The sheer tax cliff-edge facing workers earning £100,000 or more is harming the UK’s ambitions to foster greater retail investment, according to IG. 

New research from the online investment platform found that HENRYs, an acronym which stands for High Earner, Not Rich Yet, are unable to invest as much as they would like due to the high marginal tax rates facing workers earning six figures. 

Nearly half (48 per cent) of workers earning between £90,000 and £125,000 said they cannot invest to build their wealth due to tax and financial pressures. Among those with nursery age children, this figure rose to 92 per cent. 

Under current rules, once one member of a household earns above £100,000, the personal allowance is gradually withdrawn, creating effective marginal tax rates of up to 60 per cent.

Eligibility for additional free childcare hours is also withdrawn when a worker earns above £100,000, piling extra costs onto these households. 

The painful £100K tax trap

The research found that 82 per cent of HENRY households changed their behaviour to avoid crossing the £100,000 threshold.
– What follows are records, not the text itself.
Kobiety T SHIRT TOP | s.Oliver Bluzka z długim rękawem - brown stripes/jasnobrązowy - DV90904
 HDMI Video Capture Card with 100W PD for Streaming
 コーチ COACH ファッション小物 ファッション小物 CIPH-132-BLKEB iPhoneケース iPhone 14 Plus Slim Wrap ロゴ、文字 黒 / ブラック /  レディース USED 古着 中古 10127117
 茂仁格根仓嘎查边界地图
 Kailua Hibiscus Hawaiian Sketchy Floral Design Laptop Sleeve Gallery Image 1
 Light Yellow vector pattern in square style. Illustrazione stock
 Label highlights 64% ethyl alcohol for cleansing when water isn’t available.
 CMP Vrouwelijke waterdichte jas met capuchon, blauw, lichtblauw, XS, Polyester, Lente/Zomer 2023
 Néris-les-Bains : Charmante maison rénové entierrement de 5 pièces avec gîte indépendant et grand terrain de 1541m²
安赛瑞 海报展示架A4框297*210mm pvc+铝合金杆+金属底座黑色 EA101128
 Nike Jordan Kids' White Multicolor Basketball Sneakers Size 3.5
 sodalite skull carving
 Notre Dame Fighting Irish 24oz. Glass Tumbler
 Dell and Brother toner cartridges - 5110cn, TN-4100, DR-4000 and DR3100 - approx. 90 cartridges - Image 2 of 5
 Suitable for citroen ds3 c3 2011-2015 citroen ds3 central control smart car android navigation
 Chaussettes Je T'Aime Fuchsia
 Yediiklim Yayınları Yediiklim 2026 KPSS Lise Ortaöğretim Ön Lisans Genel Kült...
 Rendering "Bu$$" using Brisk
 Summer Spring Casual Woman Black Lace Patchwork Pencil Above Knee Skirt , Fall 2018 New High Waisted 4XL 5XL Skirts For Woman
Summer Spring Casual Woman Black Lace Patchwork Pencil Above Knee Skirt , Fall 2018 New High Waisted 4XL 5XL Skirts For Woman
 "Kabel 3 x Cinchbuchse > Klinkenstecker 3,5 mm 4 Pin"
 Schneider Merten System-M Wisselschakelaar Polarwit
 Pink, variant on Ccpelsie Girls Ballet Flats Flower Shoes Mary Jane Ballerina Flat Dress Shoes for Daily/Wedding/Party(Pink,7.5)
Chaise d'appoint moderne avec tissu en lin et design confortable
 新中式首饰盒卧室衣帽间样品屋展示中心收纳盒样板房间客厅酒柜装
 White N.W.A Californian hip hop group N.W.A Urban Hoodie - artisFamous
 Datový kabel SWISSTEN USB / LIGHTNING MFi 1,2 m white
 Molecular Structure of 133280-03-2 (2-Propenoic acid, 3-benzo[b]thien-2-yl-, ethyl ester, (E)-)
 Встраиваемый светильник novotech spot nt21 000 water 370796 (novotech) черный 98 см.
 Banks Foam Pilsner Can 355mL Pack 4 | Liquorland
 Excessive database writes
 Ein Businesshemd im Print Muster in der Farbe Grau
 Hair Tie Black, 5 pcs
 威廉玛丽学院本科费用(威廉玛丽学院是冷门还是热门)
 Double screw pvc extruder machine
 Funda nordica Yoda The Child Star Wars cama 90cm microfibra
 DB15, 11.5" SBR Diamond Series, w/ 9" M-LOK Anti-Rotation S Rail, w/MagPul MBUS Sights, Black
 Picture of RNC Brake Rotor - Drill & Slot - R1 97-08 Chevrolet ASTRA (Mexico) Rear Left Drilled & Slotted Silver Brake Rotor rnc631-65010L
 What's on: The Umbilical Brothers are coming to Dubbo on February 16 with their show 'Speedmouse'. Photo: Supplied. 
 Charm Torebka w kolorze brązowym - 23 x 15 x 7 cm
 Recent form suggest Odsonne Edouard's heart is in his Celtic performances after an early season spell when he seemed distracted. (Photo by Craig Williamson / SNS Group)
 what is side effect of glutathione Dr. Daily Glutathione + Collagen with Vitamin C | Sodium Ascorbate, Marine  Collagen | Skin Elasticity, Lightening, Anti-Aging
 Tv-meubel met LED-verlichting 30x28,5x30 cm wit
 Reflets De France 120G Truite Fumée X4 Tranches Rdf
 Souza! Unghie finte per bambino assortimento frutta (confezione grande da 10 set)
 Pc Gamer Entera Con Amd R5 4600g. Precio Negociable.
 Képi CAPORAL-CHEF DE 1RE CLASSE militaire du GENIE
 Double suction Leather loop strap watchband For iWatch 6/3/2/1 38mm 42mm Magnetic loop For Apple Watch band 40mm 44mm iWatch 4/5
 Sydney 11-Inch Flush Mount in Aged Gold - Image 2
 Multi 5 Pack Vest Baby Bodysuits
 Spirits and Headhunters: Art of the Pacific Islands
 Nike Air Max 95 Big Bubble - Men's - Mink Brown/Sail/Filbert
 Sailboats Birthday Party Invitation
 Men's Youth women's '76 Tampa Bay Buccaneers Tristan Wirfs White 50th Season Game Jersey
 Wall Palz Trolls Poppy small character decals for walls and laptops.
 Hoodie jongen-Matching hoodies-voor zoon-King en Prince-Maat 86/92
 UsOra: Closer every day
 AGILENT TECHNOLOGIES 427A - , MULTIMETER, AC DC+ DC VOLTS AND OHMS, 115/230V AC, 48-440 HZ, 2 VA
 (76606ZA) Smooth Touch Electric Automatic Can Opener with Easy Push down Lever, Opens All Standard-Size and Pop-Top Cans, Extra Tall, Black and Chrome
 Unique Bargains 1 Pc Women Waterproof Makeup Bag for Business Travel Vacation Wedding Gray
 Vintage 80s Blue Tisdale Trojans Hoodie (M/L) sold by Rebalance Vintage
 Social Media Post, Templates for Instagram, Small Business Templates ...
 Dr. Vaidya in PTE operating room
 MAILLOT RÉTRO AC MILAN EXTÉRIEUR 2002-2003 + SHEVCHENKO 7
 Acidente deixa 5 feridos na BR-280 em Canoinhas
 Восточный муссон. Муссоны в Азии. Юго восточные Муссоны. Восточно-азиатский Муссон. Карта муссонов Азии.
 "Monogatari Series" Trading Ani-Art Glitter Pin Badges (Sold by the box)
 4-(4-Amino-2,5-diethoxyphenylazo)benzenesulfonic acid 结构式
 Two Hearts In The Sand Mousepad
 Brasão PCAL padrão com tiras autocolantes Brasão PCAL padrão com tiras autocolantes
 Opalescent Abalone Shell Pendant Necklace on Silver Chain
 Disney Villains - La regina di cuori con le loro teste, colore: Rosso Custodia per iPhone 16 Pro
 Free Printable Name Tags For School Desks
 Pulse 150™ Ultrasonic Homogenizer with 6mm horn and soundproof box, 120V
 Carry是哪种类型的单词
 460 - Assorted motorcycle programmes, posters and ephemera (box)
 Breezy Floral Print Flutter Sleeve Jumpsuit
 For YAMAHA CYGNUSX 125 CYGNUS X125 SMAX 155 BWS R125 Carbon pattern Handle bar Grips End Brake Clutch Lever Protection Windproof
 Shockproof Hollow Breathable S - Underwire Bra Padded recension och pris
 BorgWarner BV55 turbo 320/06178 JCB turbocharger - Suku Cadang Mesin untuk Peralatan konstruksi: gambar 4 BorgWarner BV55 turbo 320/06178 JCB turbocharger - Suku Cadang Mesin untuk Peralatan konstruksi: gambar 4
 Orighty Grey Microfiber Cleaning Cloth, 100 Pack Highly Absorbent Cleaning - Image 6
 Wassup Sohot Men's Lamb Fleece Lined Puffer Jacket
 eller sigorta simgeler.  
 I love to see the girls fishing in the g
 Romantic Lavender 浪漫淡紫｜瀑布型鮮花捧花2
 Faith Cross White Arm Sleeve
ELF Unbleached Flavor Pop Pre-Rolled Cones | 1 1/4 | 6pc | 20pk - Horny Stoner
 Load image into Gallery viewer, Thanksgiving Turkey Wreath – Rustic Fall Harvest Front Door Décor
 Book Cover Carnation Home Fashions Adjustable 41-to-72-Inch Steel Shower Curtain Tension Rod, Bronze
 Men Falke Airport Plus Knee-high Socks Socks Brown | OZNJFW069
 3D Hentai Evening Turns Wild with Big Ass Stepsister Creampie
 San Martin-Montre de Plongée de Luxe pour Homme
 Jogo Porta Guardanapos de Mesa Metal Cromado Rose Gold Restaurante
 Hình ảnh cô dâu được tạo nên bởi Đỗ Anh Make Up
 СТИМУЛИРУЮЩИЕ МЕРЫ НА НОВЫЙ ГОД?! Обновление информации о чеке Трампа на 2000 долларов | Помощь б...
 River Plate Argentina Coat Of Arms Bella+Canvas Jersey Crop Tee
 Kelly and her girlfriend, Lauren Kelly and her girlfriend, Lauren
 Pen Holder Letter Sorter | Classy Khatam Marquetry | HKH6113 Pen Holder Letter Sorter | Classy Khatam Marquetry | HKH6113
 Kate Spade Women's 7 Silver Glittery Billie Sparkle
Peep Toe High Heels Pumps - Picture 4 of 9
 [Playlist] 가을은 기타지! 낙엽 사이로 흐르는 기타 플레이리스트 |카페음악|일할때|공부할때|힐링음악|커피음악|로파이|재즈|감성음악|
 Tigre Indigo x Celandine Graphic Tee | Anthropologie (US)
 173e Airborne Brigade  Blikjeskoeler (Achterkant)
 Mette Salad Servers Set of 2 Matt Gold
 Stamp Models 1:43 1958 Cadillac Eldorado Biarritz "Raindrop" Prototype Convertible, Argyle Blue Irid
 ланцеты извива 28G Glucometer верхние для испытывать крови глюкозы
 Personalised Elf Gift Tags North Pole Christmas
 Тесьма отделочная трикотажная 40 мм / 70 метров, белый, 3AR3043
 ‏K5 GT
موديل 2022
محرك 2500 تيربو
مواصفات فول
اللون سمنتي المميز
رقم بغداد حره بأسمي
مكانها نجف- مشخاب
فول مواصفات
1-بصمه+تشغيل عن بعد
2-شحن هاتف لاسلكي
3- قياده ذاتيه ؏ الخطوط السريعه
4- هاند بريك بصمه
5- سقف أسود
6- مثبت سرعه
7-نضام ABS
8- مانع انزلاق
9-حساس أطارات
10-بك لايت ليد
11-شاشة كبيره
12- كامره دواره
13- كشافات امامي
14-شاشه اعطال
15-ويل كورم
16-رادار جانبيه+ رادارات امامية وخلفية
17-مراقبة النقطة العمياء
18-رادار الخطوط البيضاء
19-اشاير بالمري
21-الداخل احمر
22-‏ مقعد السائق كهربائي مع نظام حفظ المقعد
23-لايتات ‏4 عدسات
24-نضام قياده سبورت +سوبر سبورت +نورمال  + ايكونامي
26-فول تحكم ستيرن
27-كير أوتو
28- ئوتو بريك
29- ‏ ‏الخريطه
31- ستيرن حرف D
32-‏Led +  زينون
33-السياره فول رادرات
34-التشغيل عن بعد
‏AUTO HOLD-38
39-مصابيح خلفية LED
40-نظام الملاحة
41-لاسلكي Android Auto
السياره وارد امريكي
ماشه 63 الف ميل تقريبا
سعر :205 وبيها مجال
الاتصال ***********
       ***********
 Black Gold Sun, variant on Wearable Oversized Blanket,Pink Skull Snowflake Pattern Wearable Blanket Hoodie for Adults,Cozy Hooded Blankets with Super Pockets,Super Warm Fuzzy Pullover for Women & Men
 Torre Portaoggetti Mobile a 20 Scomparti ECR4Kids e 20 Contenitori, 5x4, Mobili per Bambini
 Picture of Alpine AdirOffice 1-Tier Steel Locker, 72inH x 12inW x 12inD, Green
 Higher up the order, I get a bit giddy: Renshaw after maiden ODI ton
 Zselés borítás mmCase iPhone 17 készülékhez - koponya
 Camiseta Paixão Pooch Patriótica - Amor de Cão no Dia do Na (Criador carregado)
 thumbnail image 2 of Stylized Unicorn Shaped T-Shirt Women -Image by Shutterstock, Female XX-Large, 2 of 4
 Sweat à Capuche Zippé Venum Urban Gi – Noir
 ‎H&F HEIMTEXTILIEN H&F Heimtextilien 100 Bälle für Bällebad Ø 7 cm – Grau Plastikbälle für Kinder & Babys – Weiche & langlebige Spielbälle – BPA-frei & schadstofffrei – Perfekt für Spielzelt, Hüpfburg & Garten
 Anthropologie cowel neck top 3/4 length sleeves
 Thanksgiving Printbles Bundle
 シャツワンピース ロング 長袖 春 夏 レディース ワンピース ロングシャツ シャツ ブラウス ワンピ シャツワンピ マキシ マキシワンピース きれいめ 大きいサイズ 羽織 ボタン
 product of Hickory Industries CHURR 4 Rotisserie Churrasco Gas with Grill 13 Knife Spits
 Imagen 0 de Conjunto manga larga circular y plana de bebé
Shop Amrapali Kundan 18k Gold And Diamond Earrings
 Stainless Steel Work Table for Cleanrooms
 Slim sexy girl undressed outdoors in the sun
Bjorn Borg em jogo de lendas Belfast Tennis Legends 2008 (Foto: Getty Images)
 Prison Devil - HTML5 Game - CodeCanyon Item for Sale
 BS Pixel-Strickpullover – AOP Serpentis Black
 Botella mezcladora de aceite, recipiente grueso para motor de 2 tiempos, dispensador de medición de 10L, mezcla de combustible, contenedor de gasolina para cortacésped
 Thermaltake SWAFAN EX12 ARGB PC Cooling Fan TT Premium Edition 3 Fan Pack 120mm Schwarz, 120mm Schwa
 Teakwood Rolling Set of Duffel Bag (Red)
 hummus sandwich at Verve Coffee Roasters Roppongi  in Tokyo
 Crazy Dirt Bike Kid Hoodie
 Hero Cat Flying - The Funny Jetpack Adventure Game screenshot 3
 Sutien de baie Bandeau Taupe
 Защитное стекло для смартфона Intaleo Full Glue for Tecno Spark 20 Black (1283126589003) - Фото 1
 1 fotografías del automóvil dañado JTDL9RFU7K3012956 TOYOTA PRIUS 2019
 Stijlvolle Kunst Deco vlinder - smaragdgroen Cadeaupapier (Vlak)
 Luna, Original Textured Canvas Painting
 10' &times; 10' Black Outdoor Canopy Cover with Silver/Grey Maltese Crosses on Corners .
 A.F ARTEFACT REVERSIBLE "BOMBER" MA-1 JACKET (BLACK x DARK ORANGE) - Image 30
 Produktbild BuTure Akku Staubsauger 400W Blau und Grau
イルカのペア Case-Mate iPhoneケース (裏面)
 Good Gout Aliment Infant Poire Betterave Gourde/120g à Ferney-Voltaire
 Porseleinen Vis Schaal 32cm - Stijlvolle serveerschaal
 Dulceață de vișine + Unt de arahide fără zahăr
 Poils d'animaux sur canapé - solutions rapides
A third had reduced their hours, 28 per cent had turned down a promotion, and a quarter had refused a bonus or pay rise, the research found. 

Over half (54 per cent) said they would immediately invest more if they did not lose childcare support. 

“When earning more leaves you with less capacity to invest, that’s not just a household issue – it’s a structural problem,” said Michael Healy, UK and Ireland managing director at IG Group.

“The UK’s brutal tax cliff edge system is weighing down the very households who are most able to fuel growth in UK capital markets.”

The firm argued that the thresholds at which these penalties apply should be uprated in line with inflation. 

The free childcare threshold has been frozen since 2013, meaning it would stand at £135,000 if it had been uprated in line with inflation. 

And if the thresholds at which the personal allowance started to be removed had been uprated, then the thresholds would stand at approximately £156,000 and £195,000 today

“Reforming the cliff edge would remove the disincentive, unlock long-term investing among a key demographic, and support both household resilience and broader UK economic growth,” Healey said.